>How can it possibly do that? If the memory region is marked non-cached, then it’s not
allowed to cache it, end of story.
Well, THEORETICALLY it may do so by some form of read-ahead into some specially-designated internal register that has the size of cache line. This is not a “regular” cache, so that modifications to the target memory are not allowed. You are not subjected to cache coherence protocols either. If you think about it carefully you are (hopefully) going to realize that such an approach would not violate “uncached memory” semantics in any possible way - in the end of the day, it does not matter whether you read N dwords first and then write them back one-by-one, or write every dword immediately after having read it. As long as you are not required to follow cache coherence protocols your operation is, from all other bus agents perspective, is still uncached. Another point to consider is whether such an approach may lead to any improvement, compared to"word read-dword written"one, in the first place, but this is already another story
The most interesting thing that, after having mentioned cache coherence protocols, I started realising why the OP gets better results with MmAllocateNonCachedMemory().
Imagine the following scenario. CPU A reads a cache line from the source RAM location and
starts writing it to the destination one. Meanwhile, CPU B modifies the target memory. What is CPU A is required to do under these circumstances? As long as it follows MESI protocols, it has to
invalidate the cache line, and reload it from RAM. Every write that does not cross cache line boundaries is guaranteed to be atomic, which means that, after having reloaded cache line from the source location, CPU A has to copy it to the destination one.

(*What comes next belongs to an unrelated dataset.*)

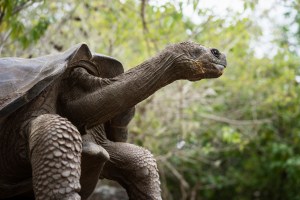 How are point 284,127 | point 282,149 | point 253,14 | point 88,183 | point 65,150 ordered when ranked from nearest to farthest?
point 65,150, point 88,183, point 253,14, point 282,149, point 284,127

If destination memory is uncached, the CPU A simply has to write it to RAM entirely, effectively overwriting the modifications that it did before, i.e. do few more bus cycles. If it is cached, in addition to the above, CPU A has to make all other CPUs invalidate their corresponding cache lines and reload them, effectively increasing the bus traffic. In other words, following cache coherence protocols becomes sort of liability under these circumstances.
As you can see, making the target ranges cacheable does not seem to speed up copying, does it. In fact, it seems to have exactly the opposite effect…
Anton Bassov